The Man Himself

by Catchclaw



Series: Mental Mimosa [94]
Category: Captain America (Movies), The Avengers (Marvel Movies)
Genre: Alternate Universe - Spies & Secret Agents, Brief Mention of That Bastard Putin, Enemies to Lovers, James Bond AU, M/M, Mutual Pining
Language: English
Status: Completed
Published: 2018-07-26
Updated: 2018-07-26
Packaged: 2019-06-16 14:38:42
Rating: Teen And Up Audiences
Warnings: No Archive Warnings Apply
Chapters: 1
Words: 1,577
Publisher: archiveofourown.org
Story URL: https://archiveofourown.org/works/15439257
Author URL: https://archiveofourown.org/users/Catchclaw/pseuds/Catchclaw
Summary: It’s not as if Steve’s never been struck dumb before, found himself tongue-tied at a time when he should’ve been smooth.





	The Man Himself

**Author's Note:**

> Prompt: James Bond AU. Prompt from this [generator](http://colormayfade.tumblr.com/generator).

 

It’s not as if Steve’s never been struck dumb before, found himself tongue-tied at a time when he should’ve been smooth. But it usually happens in front of his bosses, when he’s called on the carpet behind the red leather doors of N’s office when he gets back from a mission, the proverbial world having been saved but with some small detail done in a way that N doesn’t like.

It does not, for the record, ever occur in the face of an adversary; in this case, a Russian agent who would like nothing more than to see Steve fail spectacularly.
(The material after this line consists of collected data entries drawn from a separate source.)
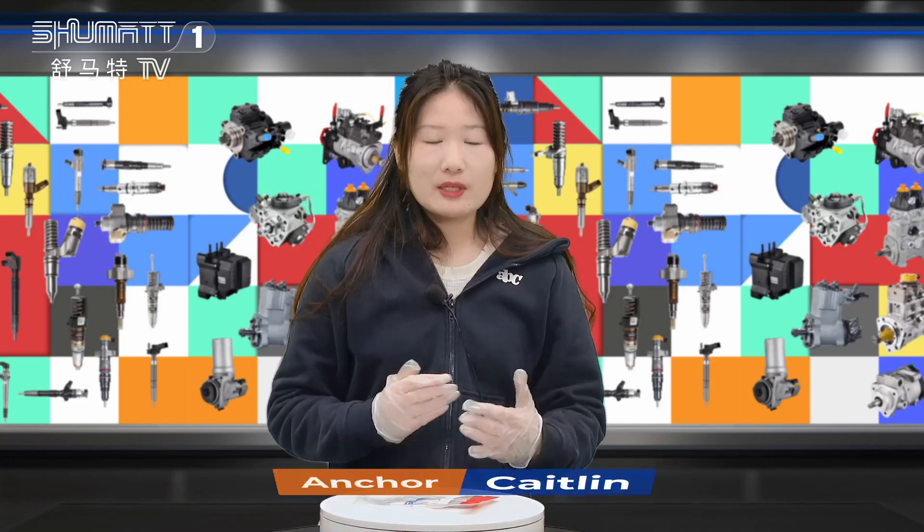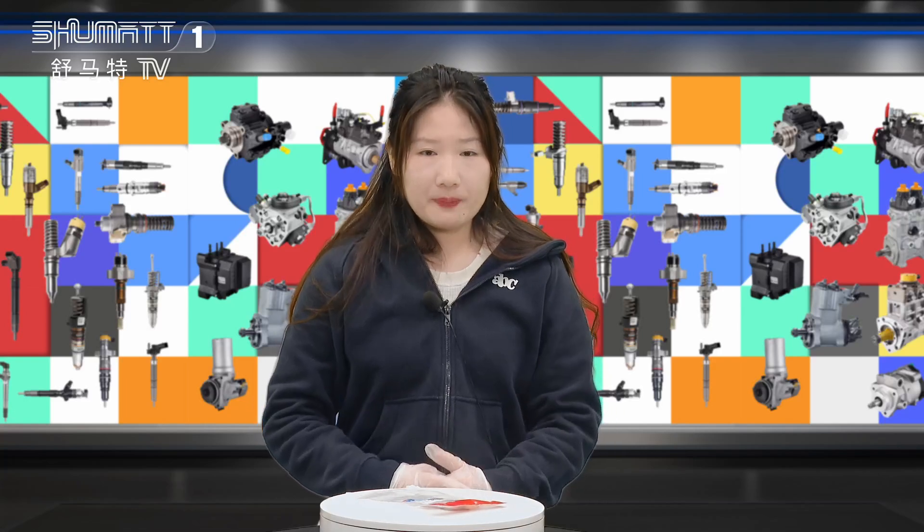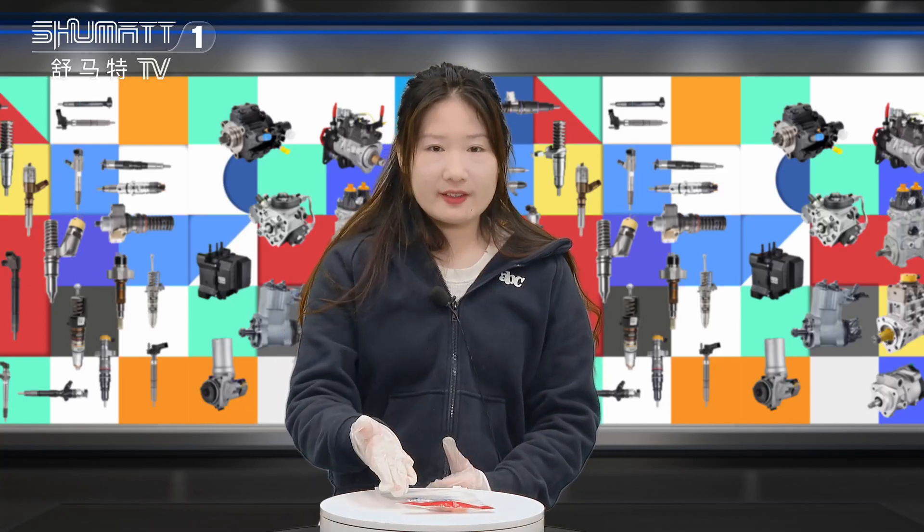Hi everyone, this is Kayson for Shenzhen Shubai. Today I will introduce you one type of a hot sealing pump repair kit. See it together.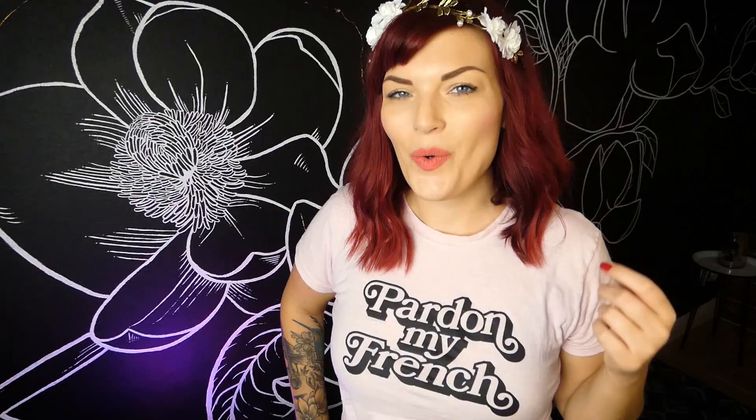Welcome to Art with Addie. I'm Addie, and this is where you learn how to paint. Welcome back everybody. Happy Tuesday and happy continuation of Halloween.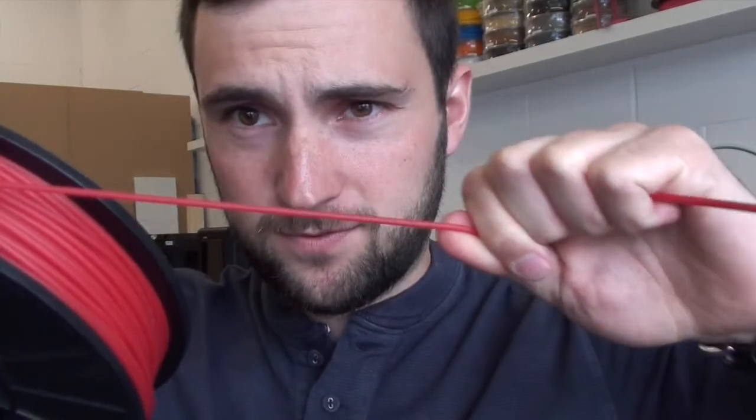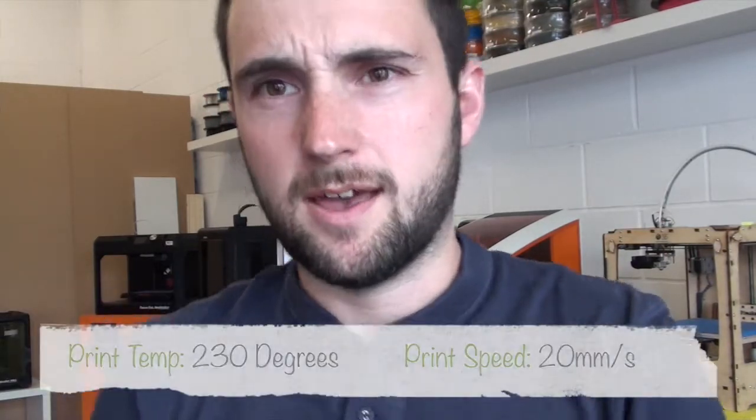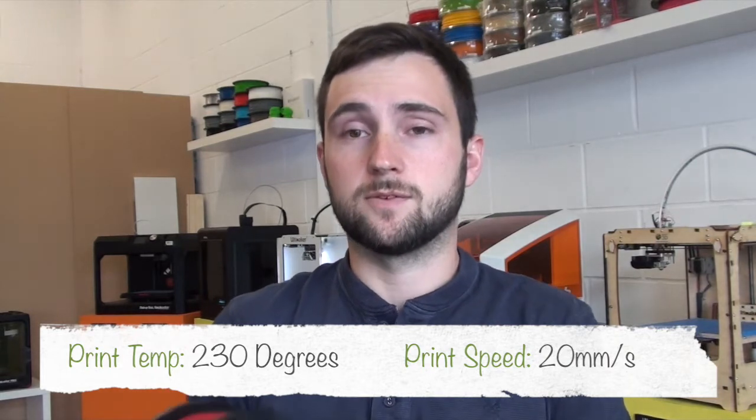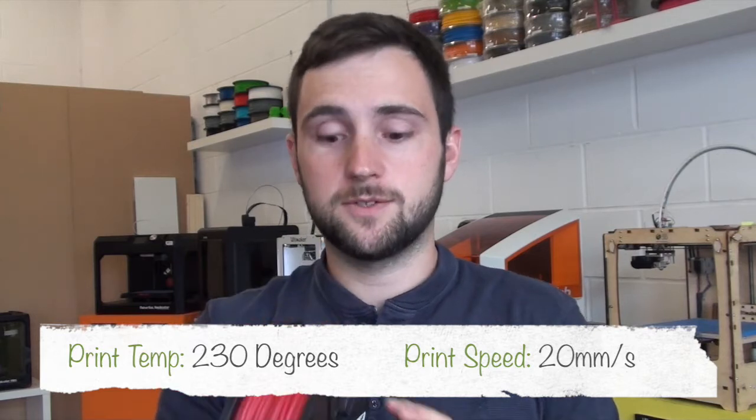Today I'm going to be doing a print in NinjaFlex on our Ultimaker 2. As you can see, NinjaFlex is a fully flexible 3D printing filament. There are a few settings you'll want to change: it's best to print at about 230 degrees and you want to slow the speed down to 20 millimeters per second. This is pretty crucial, as otherwise your prints will completely fail. Use the right settings and this stuff's brilliant, so let's see how we get on.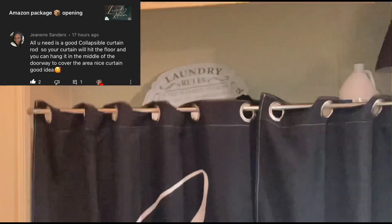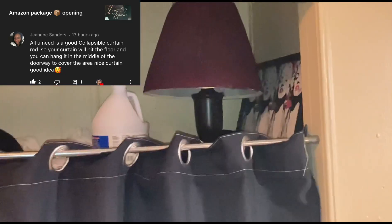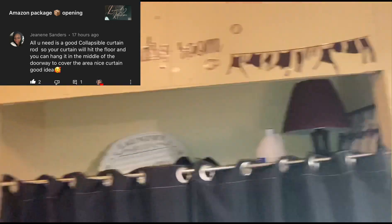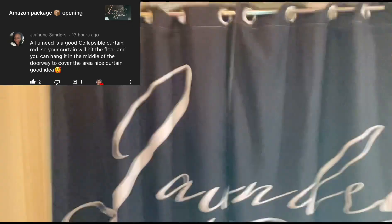Yeah, it's the laundry room — don't worry about all that up there. You want it to touch the floor, you don't want it all the way up there. And you want to see that sign right there so you know our rules for the laundry area. That's the light in case we don't want the kitchen lights on when we're washing clothes. So yeah, this is the laundry room and the collapsible curtain — thanks Missy, bye!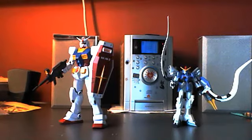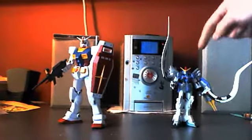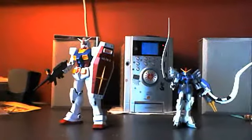My next video is going to be a review on a model. I'm not sure which one I'm going to do — I'm kind of stuck between my High Grade Sanderoc Custom and my Master Grade RX-78 II.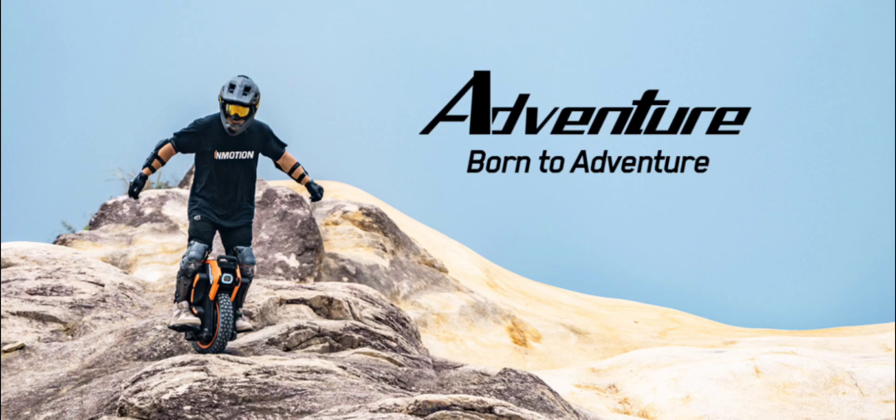The result is a system that maintains optimal performance even under the most demanding conditions, ensuring a smooth and reliable ride on every adventure. The Adventure Unicycle delivers an unparalleled power response with a remarkable response time of just one millisecond. This rapid acceleration is achieved through a high-performance off-road motor and proprietary algorithms for vector control, posture detection, and motion control.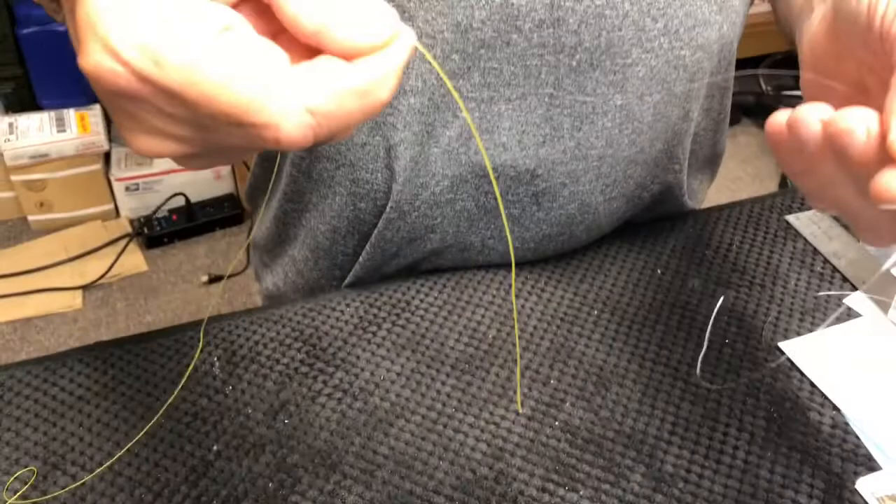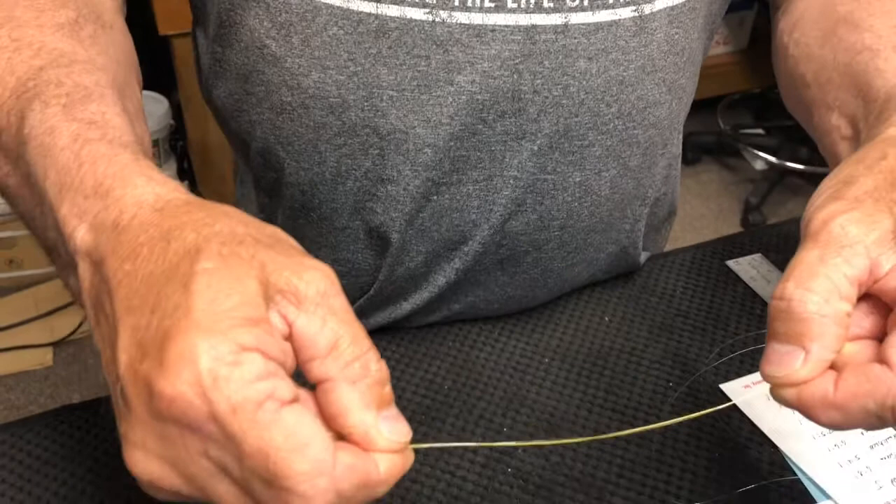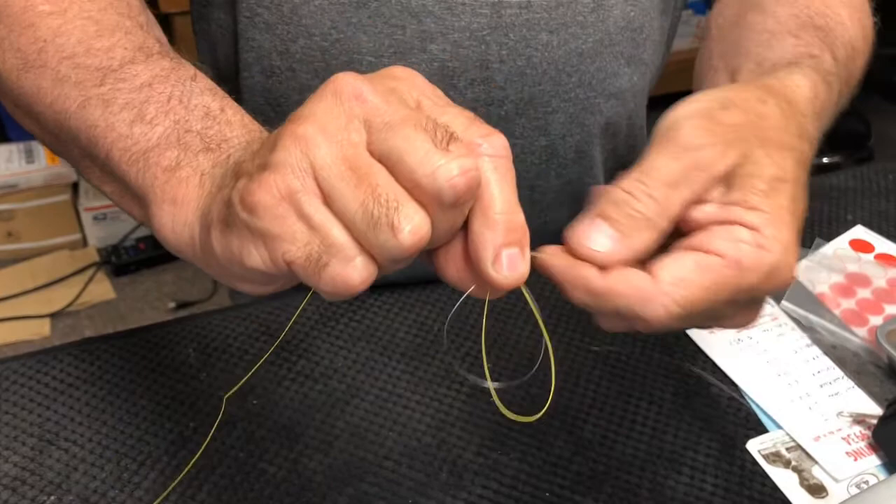You have your two pieces of string — your leader and your braid — and you just give yourself enough so that you can make a good loop and get your finger in it. The secret to this knot is when you loop it, don't loop it this way — loop it this way, away from you. Get it where the two lines come together and turn it back towards you.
Which is honestly the man’s job description to a T. Except this particular man who’s pointing a gun at Steve’s chest, who’s holding said gun with a goddamned metal hand, is _gorgeous_ : dark hair, hazel eyes, and a body whose build is expertly outlined by the tuxedo he’s wearing; but then, Steve always did have a thing for men in formal dress.

They’d been chasing each other for days, a continental kind of cat and mouse that’s raced from Mumbai to Madrid, from Stockholm to Nice, and now, they’re in Almalfi, a town cut into the seaside cliffs of Italy, standing toe-to-toe on the balcony of Steve’s hotel room, the whole of the city unspooling beneath them and tumbling towards the sea. The sun’s long set and the air’s a little cooler and Steve had let himself get a bit sloppy. He’d shrugged off his dinner jacket and poured himself a drink and padded out to lean over the bannister and stare out at the night. He’d been feeling melancholy, truth be told, a little lonely.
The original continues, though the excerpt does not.